* Required action
A faithful copy is required: transcribe each line below exactly, minus the pictures.

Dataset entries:
=== Begin Enclosure ===

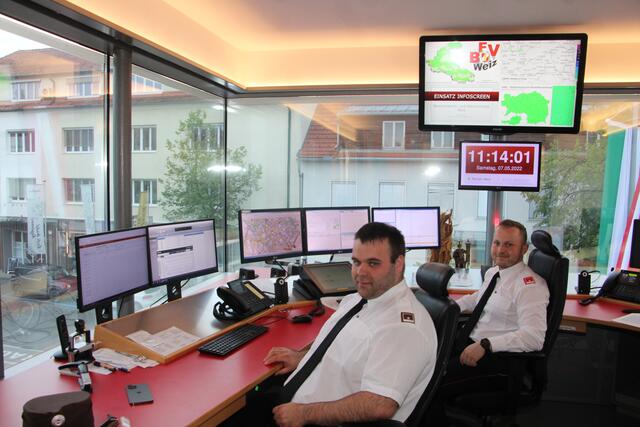 Die Einsatzzentrale bei der Stadtfeuerwehr Weiz ist rund um die Uhr besetzt.  | Foto: RegionalMedien Hofmüller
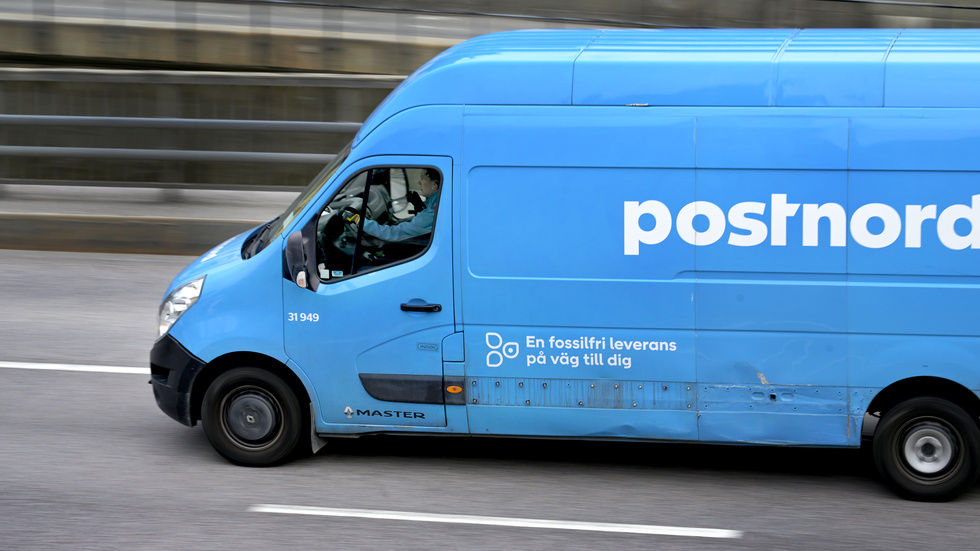 "Det är tråkigt att insändaren upplever att han som bor på landet har en sämre service", skriver Postnord som svar på en tidigare insändare. 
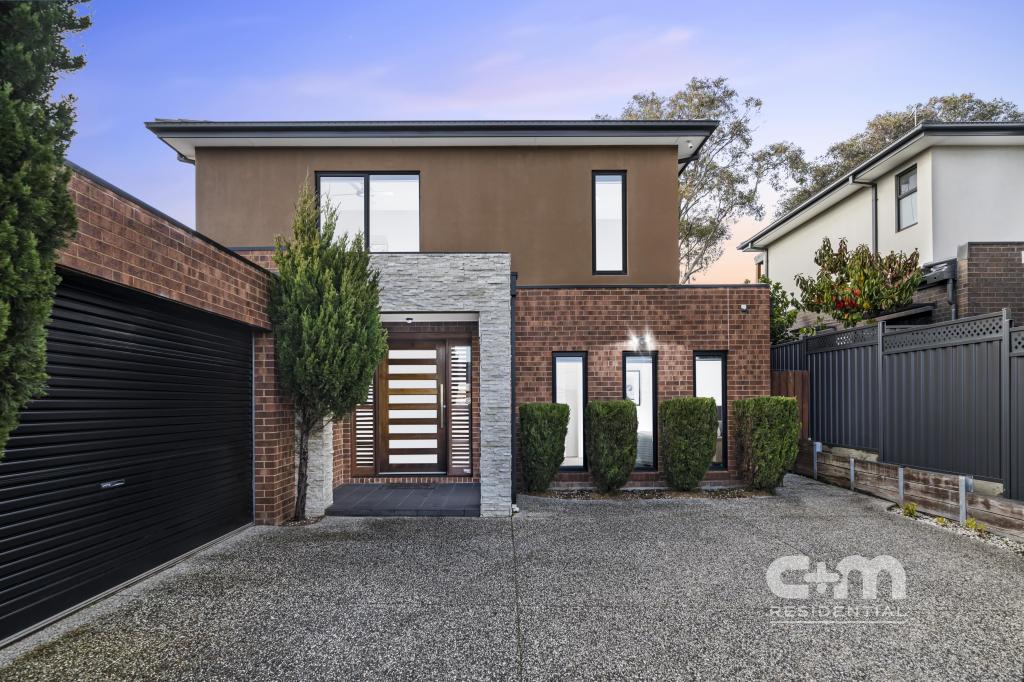 2/4 Grevillia Rd, Oak Park, VIC 3046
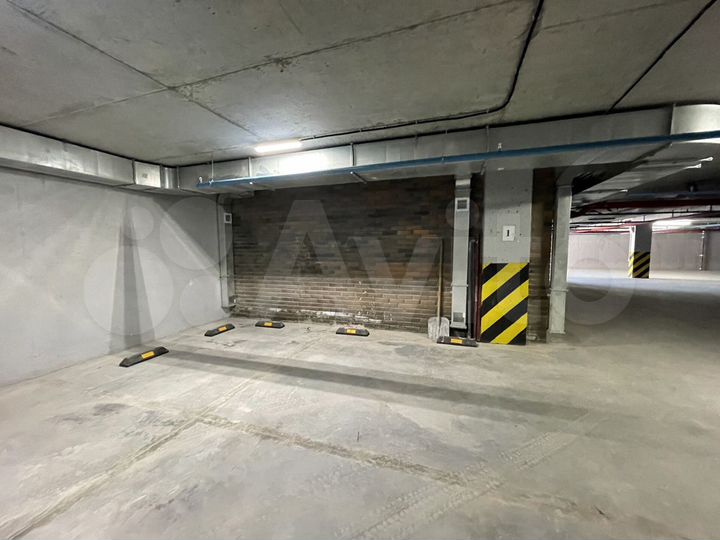 Машиноместо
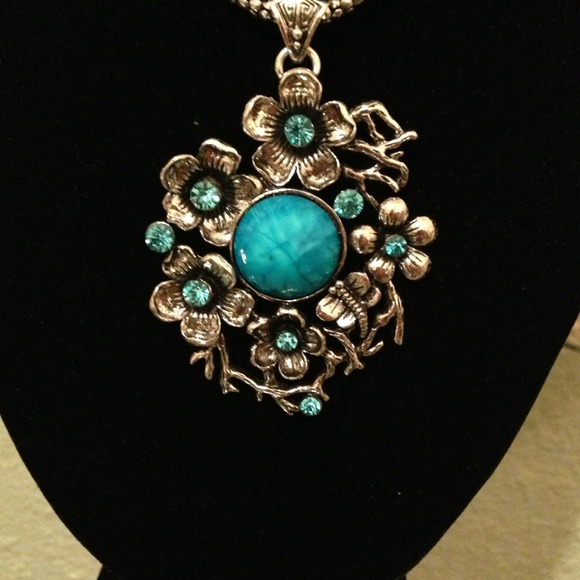Turquoise Magic Necklace & Earring Set - Picture 3 of 3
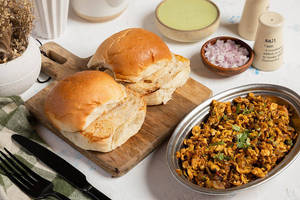 Dadar Station Bhurji Pao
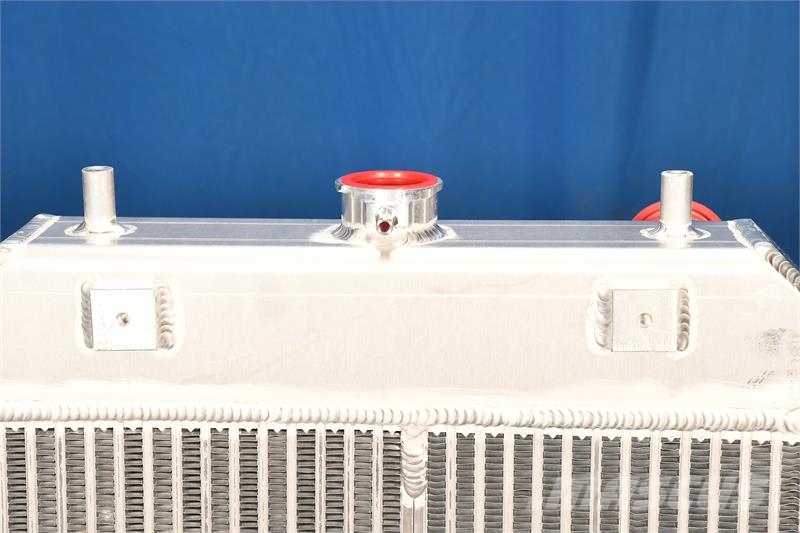 Hitachi 180 Radiator # 871138 Radiadores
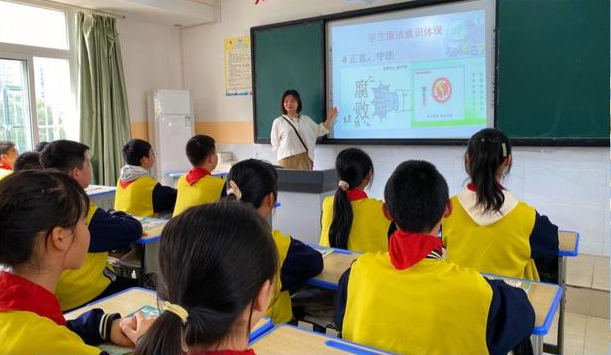 将所学知识转化为处理实践问题的能力切实守护好中小学生的心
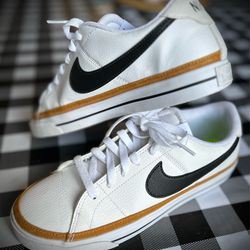 NIKE White Size 9 USA like a new ! Best offer !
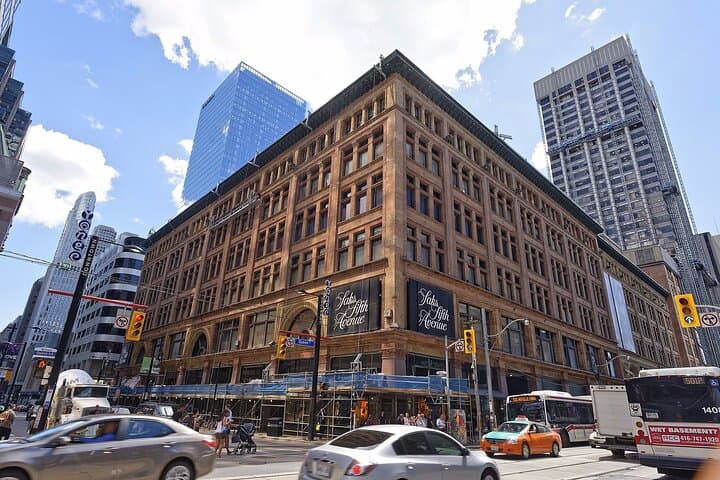 Private 4-hour City Tour of Toronto with driver and guide - Hotel pick up
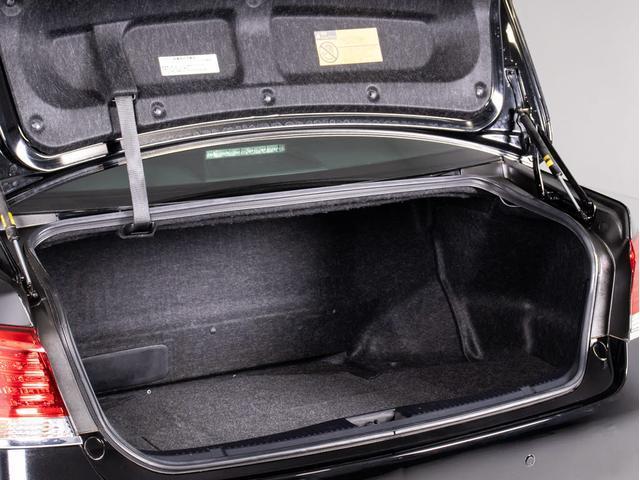 クラウンハイブリッド ロイヤルサルーンG (禁煙車)(パノラミックビューモニター)(フラクセン本革シート)(衝突軽減ブレーキ)(踏み間違い防止機能)レーダークルーズ アダプティブハイビーム 記録簿8枚 Bluetooth対応 エアシート(34枚目)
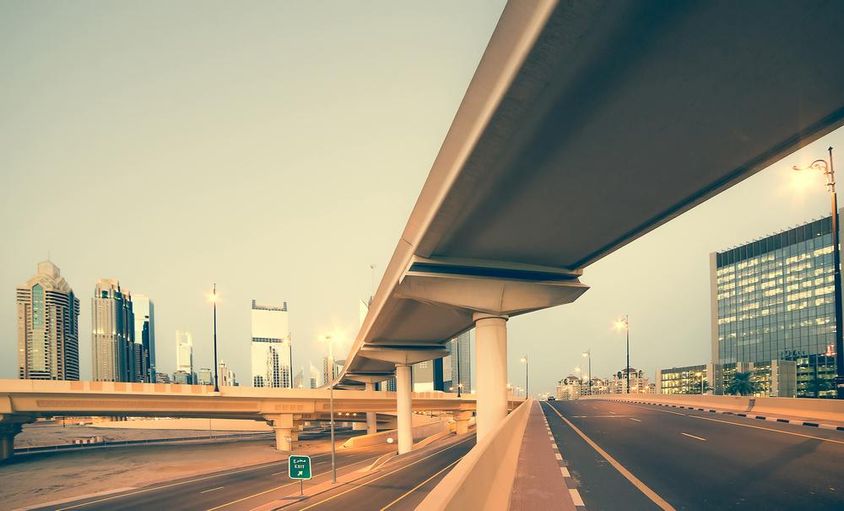 Utak és híd a Sheikh Zayed úton Dubaiban.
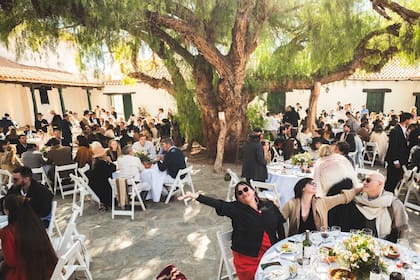 La comida, en el patio de Hacienda Molinos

=== End Enclosure ===

* Result for this exercise
 Die Einsatzzentrale bei der Stadtfeuerwehr Weiz ist rund um die Uhr besetzt.  | Foto: RegionalMedien Hofmüller
 "Det är tråkigt att insändaren upplever att han som bor på landet har en sämre service", skriver Postnord som svar på en tidigare insändare. 
 2/4 Grevillia Rd, Oak Park, VIC 3046
 Машиноместо
Turquoise Magic Necklace & Earring Set - Picture 3 of 3
 Dadar Station Bhurji Pao
 Hitachi 180 Radiator # 871138 Radiadores
 将所学知识转化为处理实践问题的能力切实守护好中小学生的心
 NIKE White Size 9 USA like a new ! Best offer !
 Private 4-hour City Tour of Toronto with driver and guide - Hotel pick up
 クラウンハイブリッド ロイヤルサルーンG (禁煙車)(パノラミックビューモニター)(フラクセン本革シート)(衝突軽減ブレーキ)(踏み間違い防止機能)レーダークルーズ アダプティブハイビーム 記録簿8枚 Bluetooth対応 エアシート(34枚目)
 Utak és híd a Sheikh Zayed úton Dubaiban.
 La comida, en el patio de Hacienda Molinos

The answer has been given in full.